ANF Nieuwsagentschap publiceerde het eerste deel van het diepte-interview:

In de afgelopen weken is er een aantal materialen gepubliceerd over het lopende proces en de veranderingen in de vrijheidsbeweging. Centraal hierin staat het uitgebreide manifest van de Koerdische volksleider Abdullah Öcalan. Het wordt intensief besproken door een grote verscheidenheid aan kringen. Het is over het algemeen goedgekeurd en velen zien het als een kans voor een debat dat al lang nodig was, maar er is natuurlijk ook kritiek. Sommige kritiek, bijvoorbeeld met betrekking tot de analyses van het alevitisme, is nogal hard. Wat kunt u ons vertellen over het manifest en de discussies en kritiek die er op volgden? Begrijpt u de kritiek?

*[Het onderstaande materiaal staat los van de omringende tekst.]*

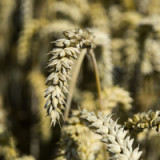Preisanstieg beim Weizen  ist übertrieben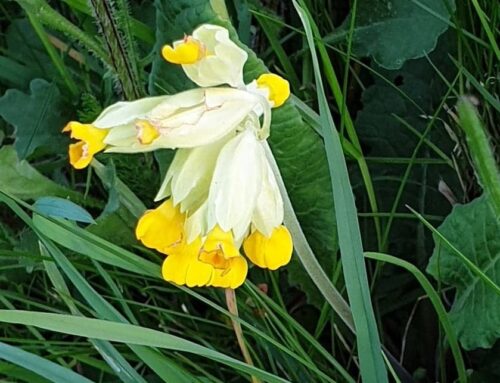 Fairy Cups (Cowslips)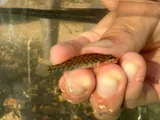 Current Darter, photographed in Arkansas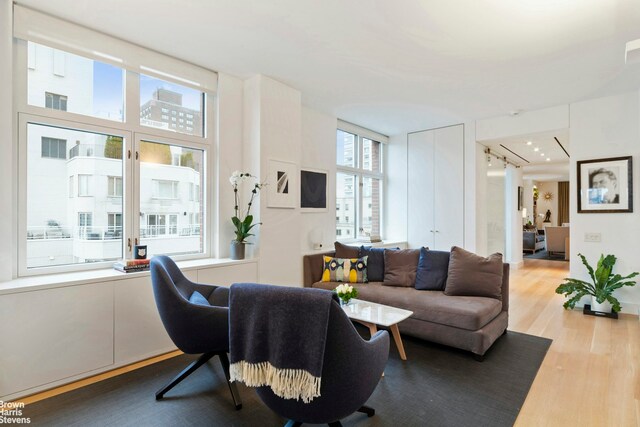 living room featuring light hardwood / wood-style flooring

Al het materiaal met betrekking tot het 12de PKK Congres is gepubliceerd. Eén daarvan was het veelbetekenende en verhelderende ‘Manifest van Vrede en Democratische Samenleving’ opgesteld door leider Öcalan. Hierin gaat hij uitgebreid in op de verschillende facetten van de menselijke geschiedenis, met bijzondere aandacht voor de geschiedenis van de vrouwen en de Koerden. Het manifest is een beoordeling die de historische realiteiten in hun juiste context plaatst, waardoor de geschiedenis bijna herschreven wordt naar haar ware aard. Natuurlijk zijn hier heftige debatten over gevoerd. Ook al kunnen we ze niet allemaal volgen, de essentie van sommige debatten heeft ons bereikt. Hoe waardevol deze discussies ook zijn, we hebben ook benaderingen en kritiek gehoord die geen echte basis hebben, maar alleen geuit worden met de bedoeling om leider Öcalan aan te vallen. Een dergelijk discours is ongepast en is een aanpak die bekritiseerd moet worden.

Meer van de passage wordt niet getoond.